Gupta Shivangi, Baudry Jerome, Menon Vineetha
Department of Computer Science, The University of Alabama in Huntsville, Huntsville, AL, United States.
Department of Biological Sciences, The University of Alabama in Huntsville, Huntsville, AL, United States.
Front Mol Biosci. 2023 Jan 12;9:953984. doi: 10.3389/fmolb.2022.953984. eCollection 2022.
This research introduces new machine learning and deep learning approaches, collectively referred to as Big Data analytics techniques that are unique to address the protein conformational selection mechanism for protein:ligands complexes. The novel Big Data analytics techniques presented in this work enables efficient data processing of a large number of protein:ligand complexes, and provides better identification of specific protein properties that are responsible for a high probability of correct prediction of protein:ligand binding. The GPCR proteins ADORA2A (Adenosine A2a Receptor), ADRB2 (Adrenoceptor Beta 2), OPRD1 (Opioid receptor Delta 1) and OPRK1 (Opioid Receptor Kappa 1) are examined in this study using Big Data analytics techniques, which can efficiently process a huge ensemble of protein conformations, and significantly enhance the prediction of binding protein conformation (i.e., the protein conformations that will be selected by the ligands for binding) about 10-38 times better than its random selection counterpart for protein conformation selection. In addition to providing a Big Data approach to the conformational selection mechanism, this also opens the door to the systematic identification of such "binding conformations" for proteins. The physico-chemical features that are useful in predicting the "binding conformations" are largely, but not entirely, shared among the test proteins, indicating that the biophysical properties that drive the conformation selection mechanism may, to an extent, be protein-specific for the protein properties used in this work.
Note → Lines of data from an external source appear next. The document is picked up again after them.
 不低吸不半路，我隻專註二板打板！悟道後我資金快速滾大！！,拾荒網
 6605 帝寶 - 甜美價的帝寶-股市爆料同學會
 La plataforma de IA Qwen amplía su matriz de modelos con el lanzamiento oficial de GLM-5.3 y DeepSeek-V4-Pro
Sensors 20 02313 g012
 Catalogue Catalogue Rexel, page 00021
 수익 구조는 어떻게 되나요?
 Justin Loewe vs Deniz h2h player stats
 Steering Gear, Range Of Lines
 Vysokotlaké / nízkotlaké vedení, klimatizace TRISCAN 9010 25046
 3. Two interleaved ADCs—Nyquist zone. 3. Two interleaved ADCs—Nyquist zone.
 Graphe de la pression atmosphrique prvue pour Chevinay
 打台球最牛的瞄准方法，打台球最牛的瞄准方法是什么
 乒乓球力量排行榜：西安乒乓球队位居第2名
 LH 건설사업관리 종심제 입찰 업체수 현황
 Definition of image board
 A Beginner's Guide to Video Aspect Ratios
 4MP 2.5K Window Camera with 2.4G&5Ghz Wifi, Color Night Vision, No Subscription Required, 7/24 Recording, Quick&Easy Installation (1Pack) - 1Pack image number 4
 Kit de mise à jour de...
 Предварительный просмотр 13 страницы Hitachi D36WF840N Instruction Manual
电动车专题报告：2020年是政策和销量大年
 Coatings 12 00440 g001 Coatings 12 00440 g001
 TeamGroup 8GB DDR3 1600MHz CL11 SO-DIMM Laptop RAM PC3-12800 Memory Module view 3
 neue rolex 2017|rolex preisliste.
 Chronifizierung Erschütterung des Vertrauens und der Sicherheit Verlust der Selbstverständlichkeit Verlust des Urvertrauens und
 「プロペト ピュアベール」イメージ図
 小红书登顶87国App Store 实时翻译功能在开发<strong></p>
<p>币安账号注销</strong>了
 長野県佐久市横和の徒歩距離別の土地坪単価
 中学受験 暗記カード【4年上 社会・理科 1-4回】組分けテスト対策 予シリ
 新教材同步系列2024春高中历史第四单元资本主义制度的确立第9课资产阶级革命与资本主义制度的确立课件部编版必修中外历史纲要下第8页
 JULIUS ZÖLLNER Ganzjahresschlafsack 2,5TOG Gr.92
本研究引入了新的机器学习和深度学习方法,统称为大数据分析技术,这些技术在解决蛋白质:配体复合物的蛋白质构象选择机制方面独具特色。这项工作中提出的新型大数据分析技术能够对大量蛋白质:配体复合物进行高效的数据处理,并能更好地识别特定的蛋白质特性,这些特性有助于提高蛋白质:配体结合预测的准确率。本研究使用大数据分析技术对GPCR蛋白ADORA2A(腺苷A2a受体)、ADRB2(肾上腺素能β2受体)、OPRD1(δ1阿片受体)和OPRK1(κ1阿片受体)进行了研究,该技术能够高效处理大量的蛋白质构象,并显著提高对结合蛋白构象(即配体将选择用于结合的蛋白质构象)的预测,比随机选择蛋白质构象的预测效果好约10至38倍。除了为构象选择机制提供一种大数据方法外,这也为系统识别蛋白质的此类“结合构象”打开了大门。在预测“结合构象”时有用的物理化学特征在很大程度上(但并非完全)在测试蛋白质之间是共享的,这表明驱动构象选择机制的生物物理特性在一定程度上可能因本研究中使用的蛋白质特性而异。